Nytimes by Hamed Aleaziz
New information:
  • New York Times confirms via two DHS officials that McLaughlin is stepping down and notes she had planned to leave in December but stayed on after the Minneapolis shootings.
  • Article details her central role in DHS’s increasingly aggressive social-media messaging, including posting a World War II-style 'report all foreign invaders' graphic and a meme using the phrase 'We’ll have our home again,' also the title of a song backed by white nationalist groups.
  • It recounts Trump’s public praise of McLaughlin by name on social media in December for touting arrests of 'illegals' and highlights her high-profile on-air clash with ABC’s Jay O’Brien over describing Kilmar Abrego as a 'Maryland man.'
  • The piece underscores that DHS later walked back claims in one of the three recent Minneapolis shootings after the third victim survived and evidence contradicted early federal accounts.
6:13 PM
Tricia McLaughlin is stepping down as a spokeswoman for the Homeland Security Department.
Nytimes by Hamed Aleaziz
New information:
  • Confirms from New York Times that McLaughlin is indeed stepping down as DHS spokeswoman, aligning with prior reports of her planned departure.
  • Places her resignation explicitly on Feb. 17, 2026 in the middle of high‑stakes U.S.–Iran nuclear talks and a regional military buildup, underscoring the broader foreign‑policy context in which DHS messaging is shifting.
  • Reinforces that senior Trump officials, including Steve Witkoff and Jared Kushner, are simultaneously engaged in sensitive Geneva talks with Iran as McLaughlin exits her post, highlighting overlapping national‑security storylines.
5:55 PM
Top Trump administration immigration spokesperson is leaving
NPR by Ximena Bustillo
New information:
  • DHS formally confirmed on Feb. 17, 2026 that Assistant Secretary for Public Affairs Tricia McLaughlin is leaving the department and described her as the public face of the mass‑deportation policy.
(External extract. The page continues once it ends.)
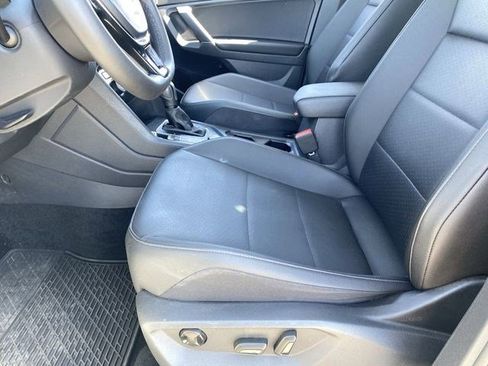 Used 2020 Volkswagen Tiguan SEL AWD/4WD image 17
  • Agency sources say McLaughlin had planned to leave in December but delayed her departure 'amid the aftermath' of the Renee Good and Alex Pretti shootings by federal immigration officers in Minneapolis.
  • NPR notes DHS is shut down for lack of FY 2026 appropriations and that McLaughlin’s departure comes as Kristi Noem and other senior immigration officials are being hauled before Congress over the crackdown.
  • The article details McLaughlin’s recent on‑air defense of Noem’s description of Alex Pretti as a 'domestic terrorist,' then contrasts that with sworn testimony from CBP and ICE chiefs that no one in their chains of command provided evidence for that label.
  • An earlier NPR analysis, referenced here, documented multiple DHS social‑media posts and press statements under McLaughlin that made unproven or incorrect claims about immigrants targeted for deportation and U.S. citizens arrested at protests.